(Pictures with short captions)
******
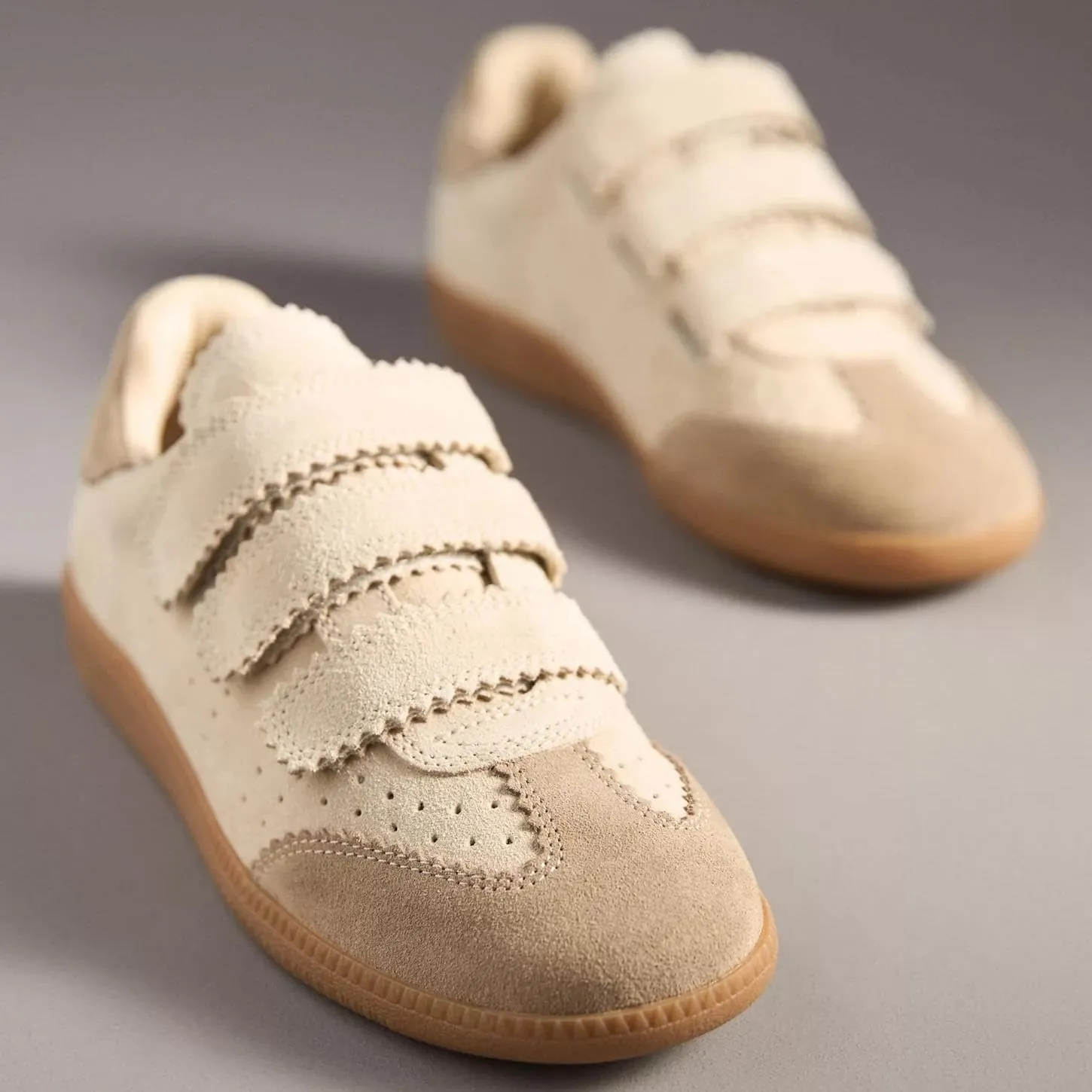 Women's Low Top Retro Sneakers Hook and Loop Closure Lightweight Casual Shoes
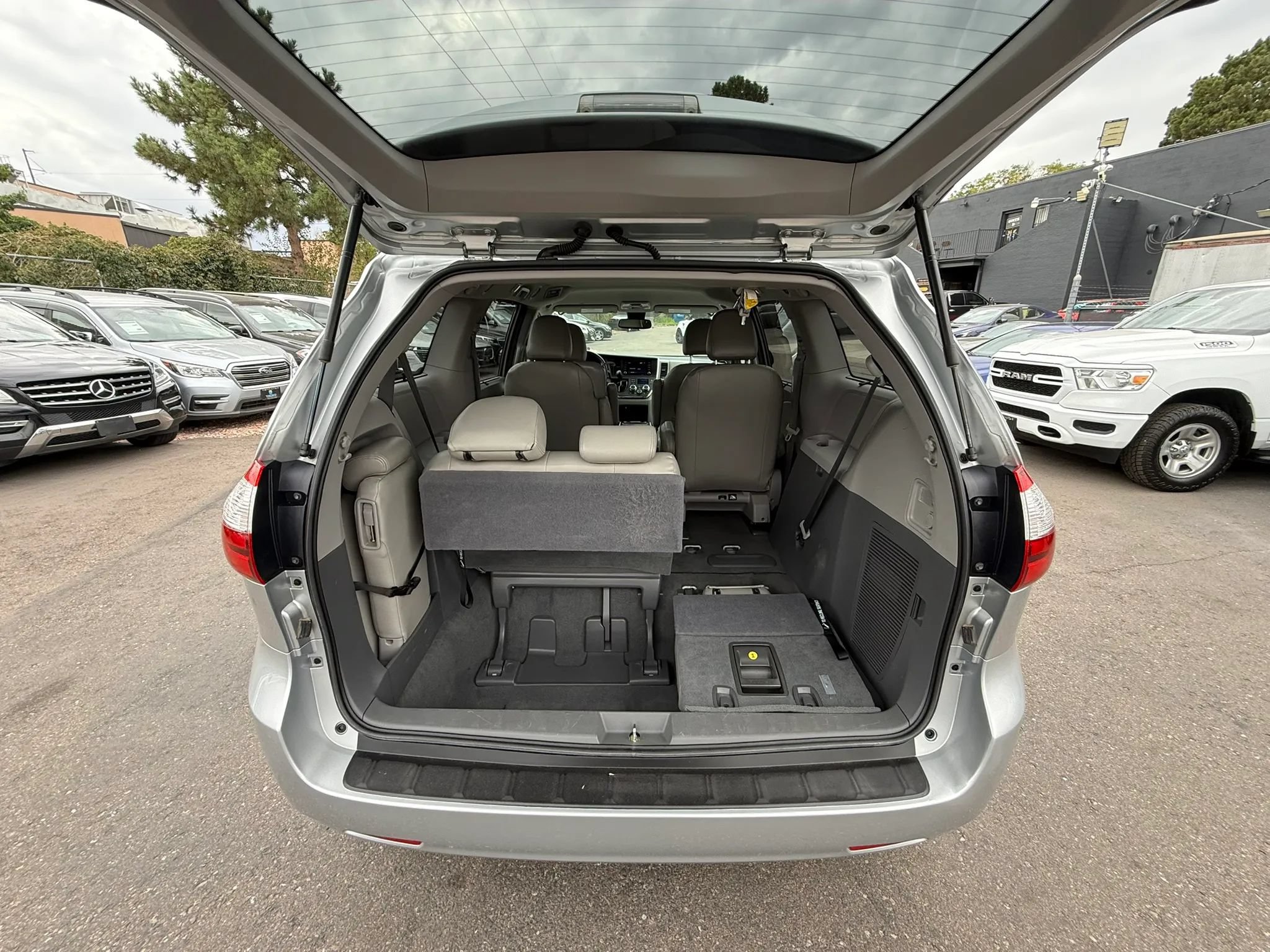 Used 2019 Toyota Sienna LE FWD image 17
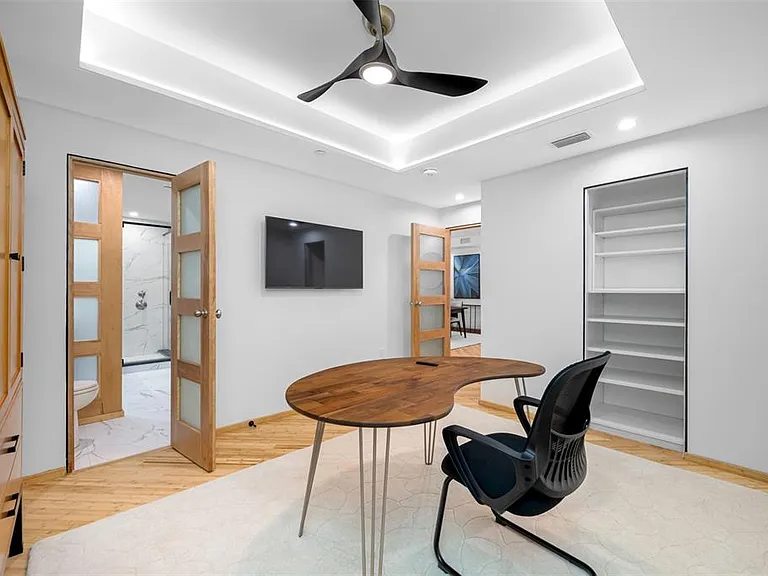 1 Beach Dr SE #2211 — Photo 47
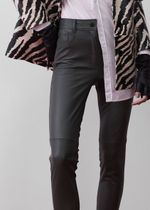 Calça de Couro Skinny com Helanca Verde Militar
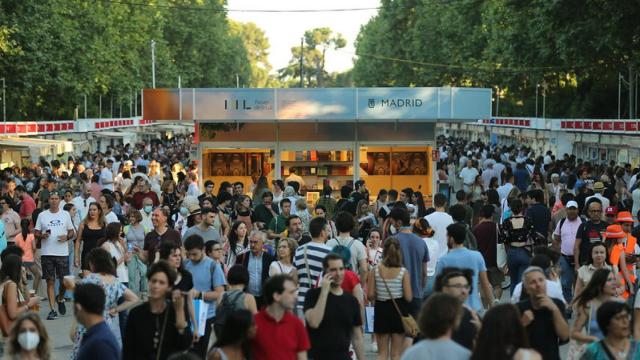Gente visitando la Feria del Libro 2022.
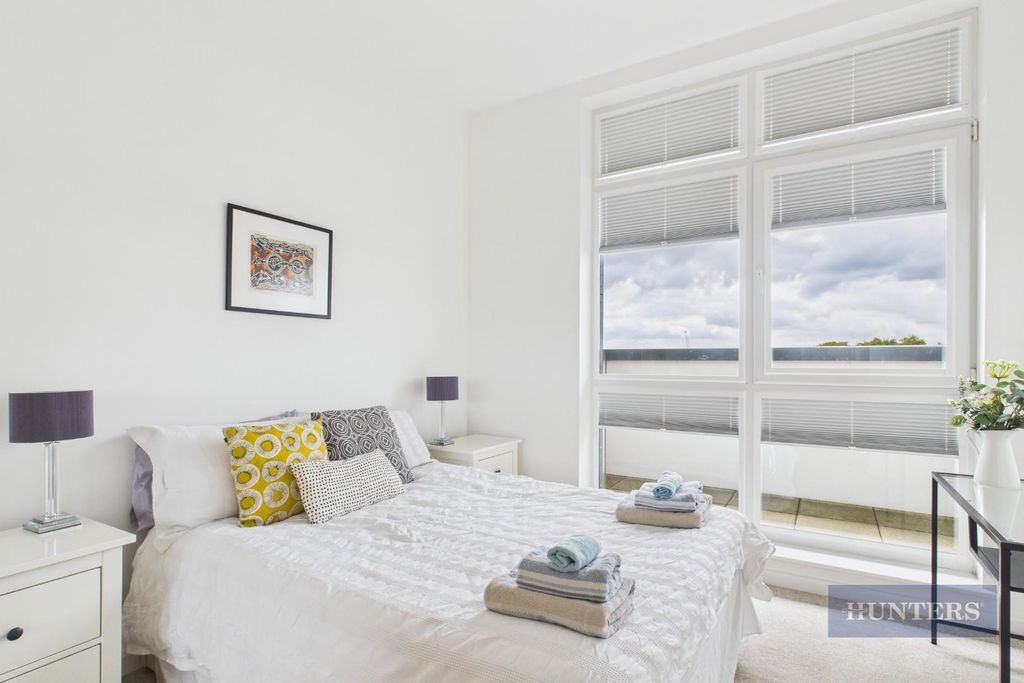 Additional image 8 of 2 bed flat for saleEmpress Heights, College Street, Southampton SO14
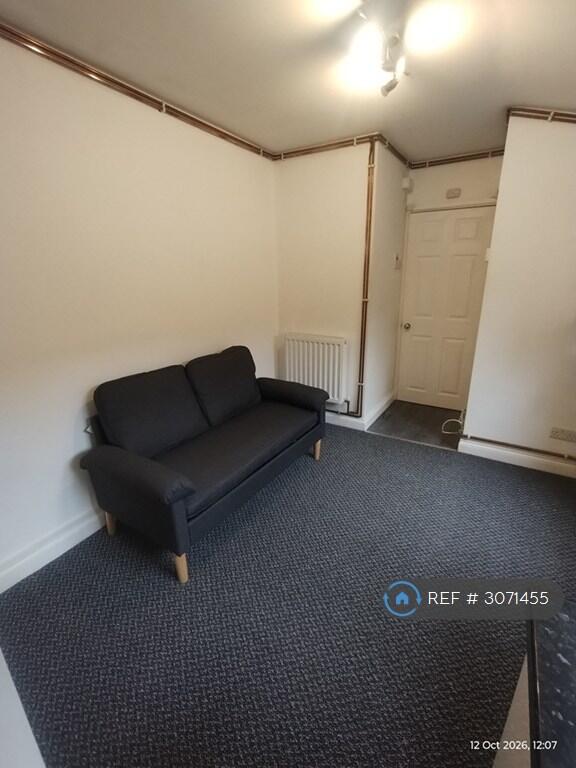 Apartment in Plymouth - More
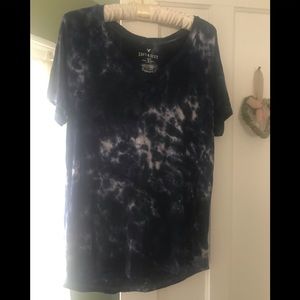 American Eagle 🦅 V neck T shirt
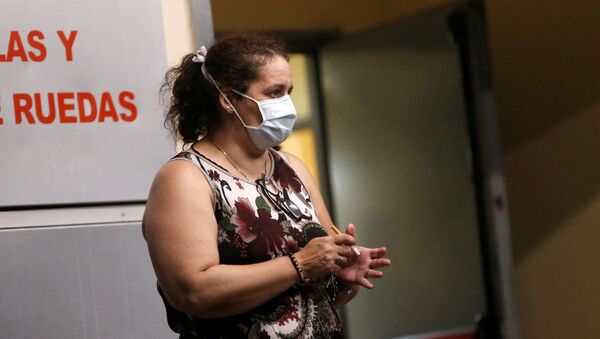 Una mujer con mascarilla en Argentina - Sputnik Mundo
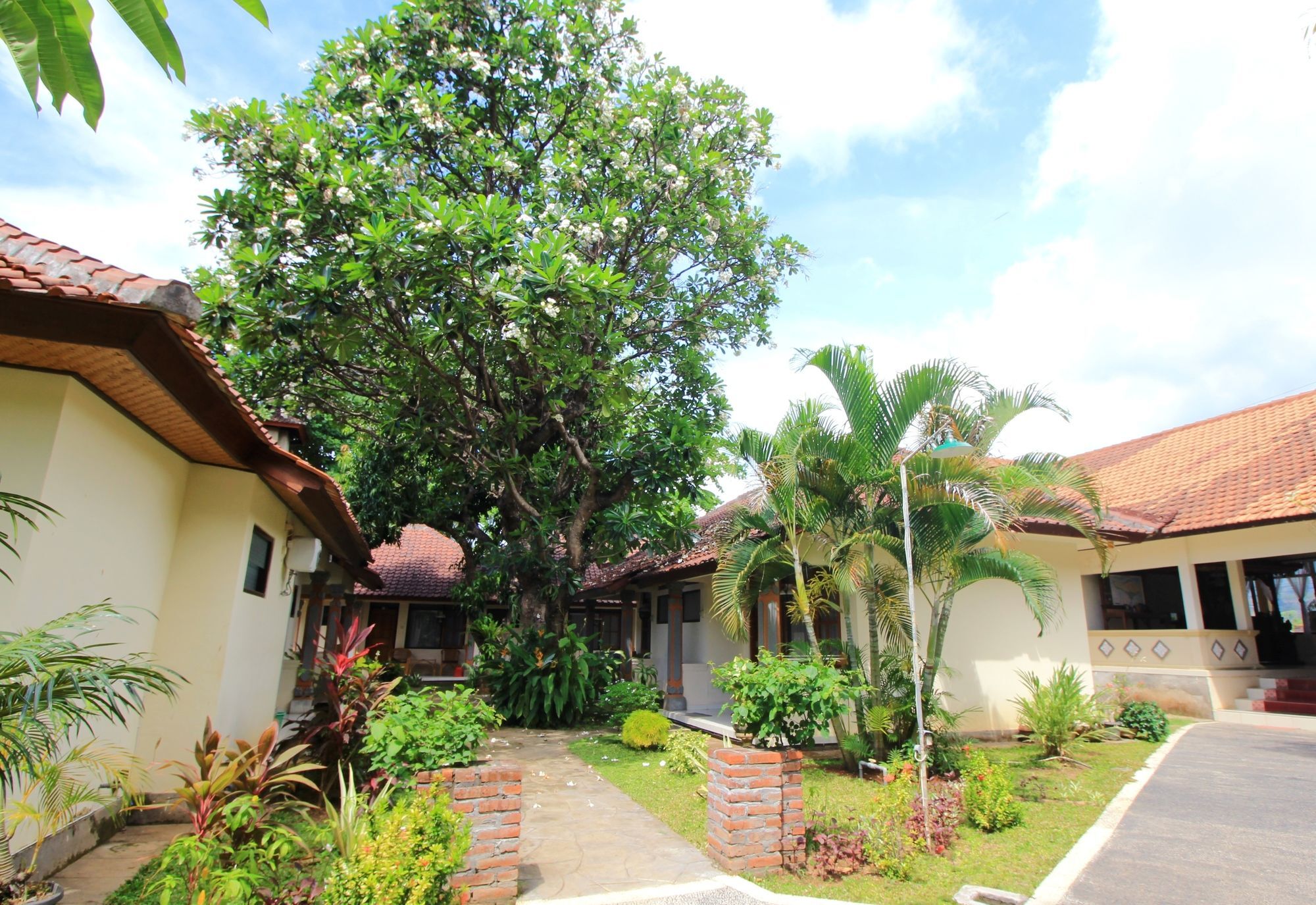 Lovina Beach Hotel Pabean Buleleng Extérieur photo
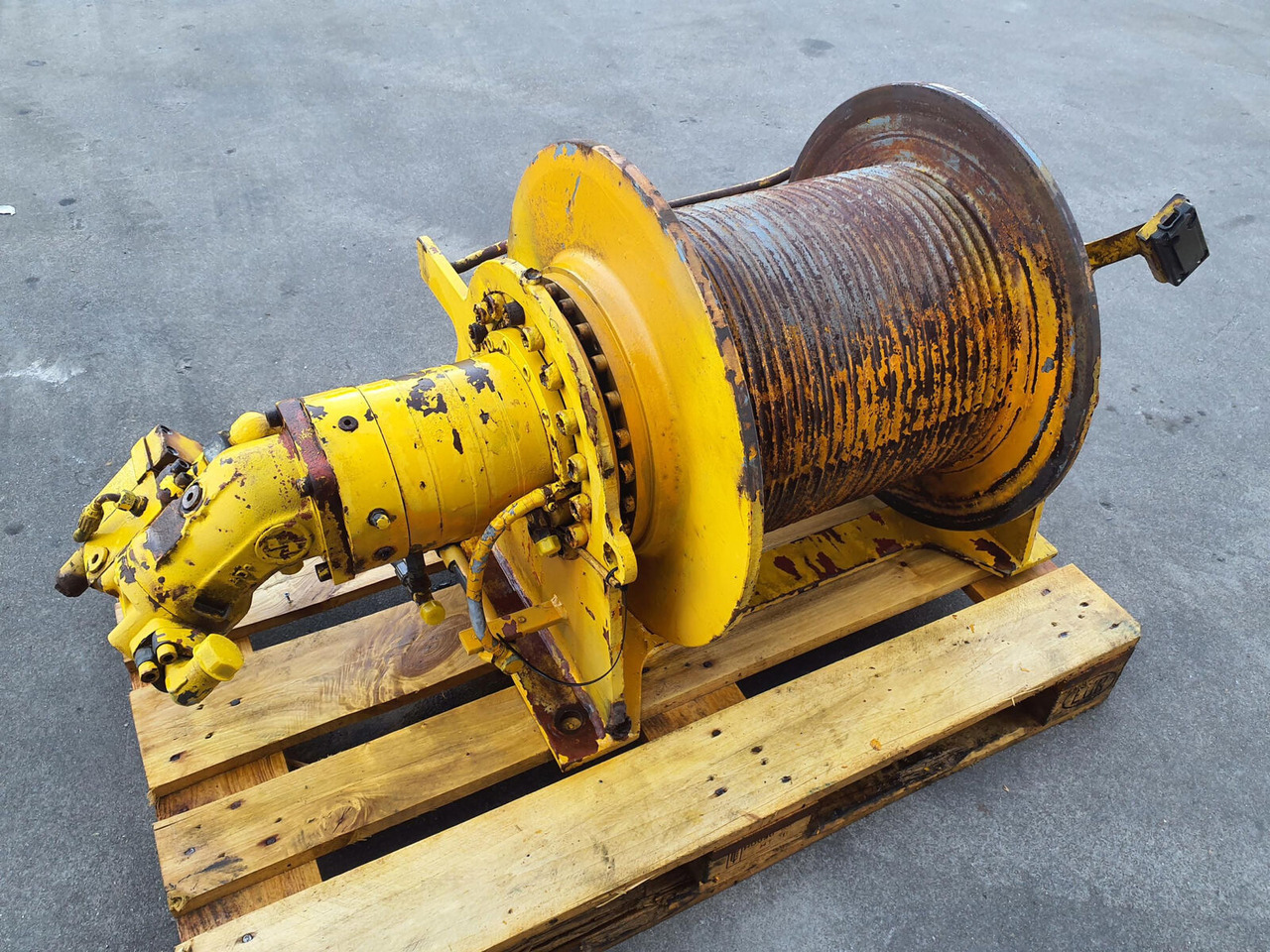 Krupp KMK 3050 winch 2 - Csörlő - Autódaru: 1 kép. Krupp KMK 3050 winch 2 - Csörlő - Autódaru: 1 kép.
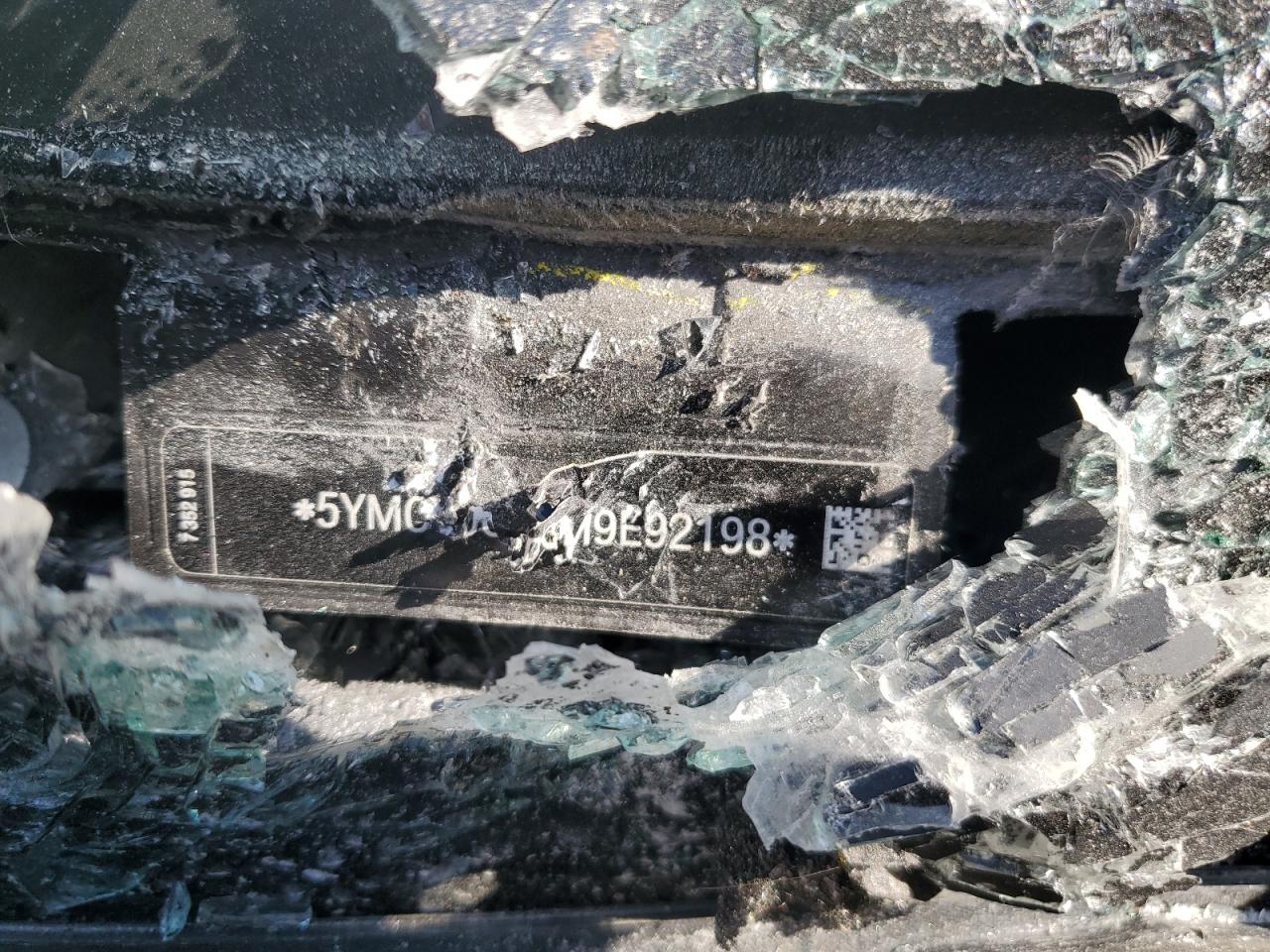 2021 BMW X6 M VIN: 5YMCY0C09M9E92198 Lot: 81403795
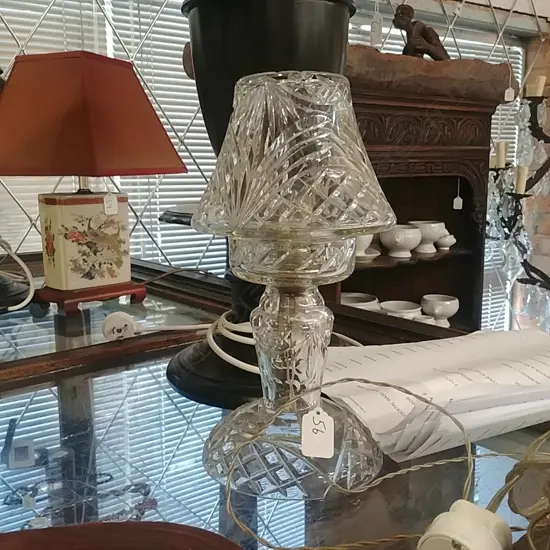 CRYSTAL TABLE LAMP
******
Leave the pictures out and repeat exactly the lines from the beginning of the records to the line bearing "Additional image 8", both ends counted.

 Women's Low Top Retro Sneakers Hook and Loop Closure Lightweight Casual Shoes
 Used 2019 Toyota Sienna LE FWD image 17
 1 Beach Dr SE #2211 — Photo 47
 Calça de Couro Skinny com Helanca Verde Militar
Gente visitando la Feria del Libro 2022.
 Additional image 8 of 2 bed flat for saleEmpress Heights, College Street, Southampton SO14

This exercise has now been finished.